The expected result is an exact restatement of the data, free of pictures.

____ Given material

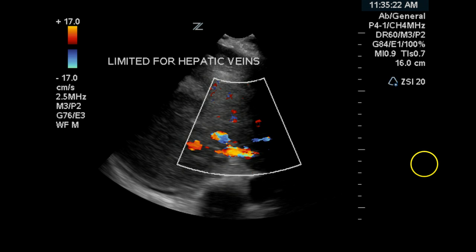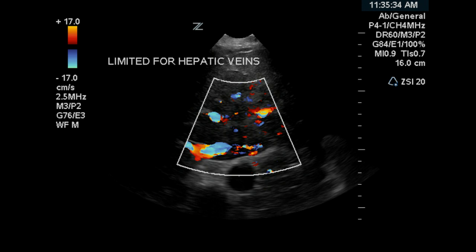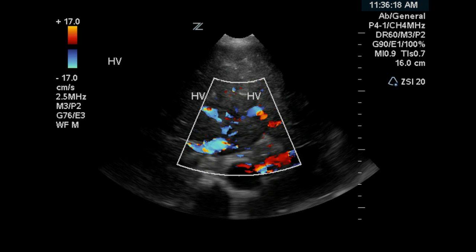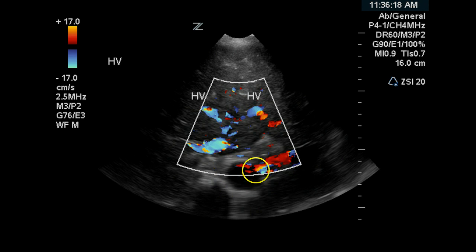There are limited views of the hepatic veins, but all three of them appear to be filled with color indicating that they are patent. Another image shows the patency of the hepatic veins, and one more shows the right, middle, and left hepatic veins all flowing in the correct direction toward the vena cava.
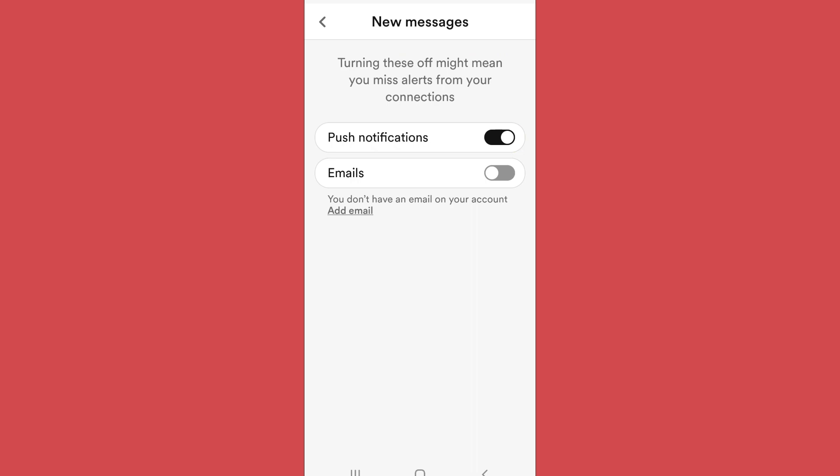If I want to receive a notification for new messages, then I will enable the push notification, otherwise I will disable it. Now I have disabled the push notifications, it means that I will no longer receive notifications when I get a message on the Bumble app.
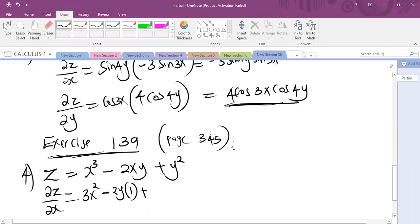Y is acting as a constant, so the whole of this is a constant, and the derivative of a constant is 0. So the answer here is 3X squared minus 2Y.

________

Solution to this exercise -
There are limited views of the hepatic veins, but all three of them appear to be filled with color indicating that they are patent. Another image shows the patency of the hepatic veins, and one more shows the right, middle, and left hepatic veins all flowing in the correct direction toward the vena cava.
If I want to receive a notification for new messages, then I will enable the push notification, otherwise I will disable it. Now I have disabled the push notifications, it means that I will no longer receive notifications when I get a message on the Bumble app.
Y is acting as a constant, so the whole of this is a constant, and the derivative of a constant is 0. So the answer here is 3X squared minus 2Y.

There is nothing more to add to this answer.